* **WORK REQUEST**
Beginning with the line below that contains "Câu 4. Hình" and ending with the line that contains "d) Gen điều", copy every line exactly. Copy nothing else.

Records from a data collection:
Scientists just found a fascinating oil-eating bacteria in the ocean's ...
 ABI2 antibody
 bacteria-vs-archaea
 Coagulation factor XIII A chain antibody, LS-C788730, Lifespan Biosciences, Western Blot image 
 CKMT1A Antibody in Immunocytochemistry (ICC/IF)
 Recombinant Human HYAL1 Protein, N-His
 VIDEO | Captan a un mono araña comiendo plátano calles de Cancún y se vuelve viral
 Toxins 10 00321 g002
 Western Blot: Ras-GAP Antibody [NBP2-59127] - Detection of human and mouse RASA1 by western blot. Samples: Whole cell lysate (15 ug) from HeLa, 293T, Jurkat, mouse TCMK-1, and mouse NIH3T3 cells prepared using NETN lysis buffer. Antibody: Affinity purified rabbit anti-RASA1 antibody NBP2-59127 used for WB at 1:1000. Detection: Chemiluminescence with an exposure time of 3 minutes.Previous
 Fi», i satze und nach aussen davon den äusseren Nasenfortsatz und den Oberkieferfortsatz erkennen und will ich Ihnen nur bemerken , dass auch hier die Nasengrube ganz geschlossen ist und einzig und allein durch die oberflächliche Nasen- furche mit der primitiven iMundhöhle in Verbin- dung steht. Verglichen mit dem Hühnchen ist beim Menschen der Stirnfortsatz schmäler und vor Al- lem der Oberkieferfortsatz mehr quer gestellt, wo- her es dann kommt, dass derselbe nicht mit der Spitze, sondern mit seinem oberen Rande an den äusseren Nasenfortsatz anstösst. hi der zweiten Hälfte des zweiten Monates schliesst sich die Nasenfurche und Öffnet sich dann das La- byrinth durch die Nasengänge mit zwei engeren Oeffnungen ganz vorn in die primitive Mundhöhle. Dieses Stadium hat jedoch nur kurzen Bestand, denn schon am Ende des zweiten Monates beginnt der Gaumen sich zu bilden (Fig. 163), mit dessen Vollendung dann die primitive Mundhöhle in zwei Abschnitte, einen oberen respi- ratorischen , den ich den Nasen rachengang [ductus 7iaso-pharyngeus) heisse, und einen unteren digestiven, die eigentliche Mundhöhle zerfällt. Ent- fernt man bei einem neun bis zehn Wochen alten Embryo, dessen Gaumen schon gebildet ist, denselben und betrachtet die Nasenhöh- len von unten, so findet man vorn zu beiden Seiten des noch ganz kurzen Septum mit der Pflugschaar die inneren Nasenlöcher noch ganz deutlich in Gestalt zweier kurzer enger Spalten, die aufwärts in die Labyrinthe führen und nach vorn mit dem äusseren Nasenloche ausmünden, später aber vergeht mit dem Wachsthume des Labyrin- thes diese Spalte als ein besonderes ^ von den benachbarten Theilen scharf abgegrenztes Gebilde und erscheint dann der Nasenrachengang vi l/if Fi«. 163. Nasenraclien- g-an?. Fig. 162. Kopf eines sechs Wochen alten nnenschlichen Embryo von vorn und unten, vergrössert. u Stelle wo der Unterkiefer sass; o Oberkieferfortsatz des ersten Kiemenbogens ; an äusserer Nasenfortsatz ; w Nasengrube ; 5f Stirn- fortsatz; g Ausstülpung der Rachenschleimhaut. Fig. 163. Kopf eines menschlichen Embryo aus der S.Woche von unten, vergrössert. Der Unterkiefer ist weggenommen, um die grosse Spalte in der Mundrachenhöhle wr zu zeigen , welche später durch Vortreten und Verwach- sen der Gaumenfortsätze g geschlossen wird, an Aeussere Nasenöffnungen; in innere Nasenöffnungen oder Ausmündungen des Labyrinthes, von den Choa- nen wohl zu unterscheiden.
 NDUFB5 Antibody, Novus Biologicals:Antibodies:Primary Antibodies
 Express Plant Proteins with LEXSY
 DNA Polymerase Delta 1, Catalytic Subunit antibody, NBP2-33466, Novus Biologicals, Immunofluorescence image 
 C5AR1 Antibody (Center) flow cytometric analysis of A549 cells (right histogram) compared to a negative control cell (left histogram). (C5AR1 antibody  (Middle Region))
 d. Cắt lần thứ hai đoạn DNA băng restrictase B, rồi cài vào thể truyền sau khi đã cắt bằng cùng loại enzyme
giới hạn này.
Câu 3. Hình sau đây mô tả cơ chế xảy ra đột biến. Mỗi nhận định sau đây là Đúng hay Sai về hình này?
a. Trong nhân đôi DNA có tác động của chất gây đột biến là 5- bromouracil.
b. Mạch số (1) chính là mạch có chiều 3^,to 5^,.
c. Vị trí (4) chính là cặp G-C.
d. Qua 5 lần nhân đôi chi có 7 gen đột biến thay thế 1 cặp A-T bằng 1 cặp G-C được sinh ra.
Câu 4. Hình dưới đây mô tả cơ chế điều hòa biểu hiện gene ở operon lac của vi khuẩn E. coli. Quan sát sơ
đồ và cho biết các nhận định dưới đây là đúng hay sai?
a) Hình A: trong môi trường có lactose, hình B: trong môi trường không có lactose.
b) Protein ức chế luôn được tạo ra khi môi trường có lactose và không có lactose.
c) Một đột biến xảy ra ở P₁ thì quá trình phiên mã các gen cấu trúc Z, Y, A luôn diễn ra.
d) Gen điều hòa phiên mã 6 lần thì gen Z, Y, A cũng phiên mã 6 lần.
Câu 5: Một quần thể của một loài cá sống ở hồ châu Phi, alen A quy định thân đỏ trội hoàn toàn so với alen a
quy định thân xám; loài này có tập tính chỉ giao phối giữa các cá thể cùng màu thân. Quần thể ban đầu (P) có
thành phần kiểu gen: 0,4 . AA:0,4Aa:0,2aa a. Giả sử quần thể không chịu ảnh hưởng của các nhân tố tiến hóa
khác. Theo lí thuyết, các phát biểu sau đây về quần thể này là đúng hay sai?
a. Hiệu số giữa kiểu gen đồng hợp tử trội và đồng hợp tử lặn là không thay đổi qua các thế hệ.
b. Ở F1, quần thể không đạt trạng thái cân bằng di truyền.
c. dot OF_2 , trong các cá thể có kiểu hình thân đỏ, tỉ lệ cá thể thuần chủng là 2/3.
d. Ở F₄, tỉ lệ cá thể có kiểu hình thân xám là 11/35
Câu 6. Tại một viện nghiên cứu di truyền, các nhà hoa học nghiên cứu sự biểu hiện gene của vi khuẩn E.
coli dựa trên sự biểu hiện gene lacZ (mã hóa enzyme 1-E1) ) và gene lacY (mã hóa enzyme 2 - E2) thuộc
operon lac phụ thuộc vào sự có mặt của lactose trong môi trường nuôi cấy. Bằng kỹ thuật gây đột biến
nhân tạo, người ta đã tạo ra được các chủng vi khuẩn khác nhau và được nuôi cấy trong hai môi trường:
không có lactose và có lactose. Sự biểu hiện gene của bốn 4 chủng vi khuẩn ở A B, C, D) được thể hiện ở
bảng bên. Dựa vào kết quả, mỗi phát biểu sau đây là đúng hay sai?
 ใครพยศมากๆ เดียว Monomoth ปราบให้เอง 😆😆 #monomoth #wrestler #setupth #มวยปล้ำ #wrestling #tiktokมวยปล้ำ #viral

* **REPLY TO THE EXERCISE**
Câu 4. Hình dưới đây mô tả cơ chế điều hòa biểu hiện gene ở operon lac của vi khuẩn E. coli. Quan sát sơ
đồ và cho biết các nhận định dưới đây là đúng hay sai?
a) Hình A: trong môi trường có lactose, hình B: trong môi trường không có lactose.
b) Protein ức chế luôn được tạo ra khi môi trường có lactose và không có lactose.
c) Một đột biến xảy ra ở P₁ thì quá trình phiên mã các gen cấu trúc Z, Y, A luôn diễn ra.
d) Gen điều hòa phiên mã 6 lần thì gen Z, Y, A cũng phiên mã 6 lần.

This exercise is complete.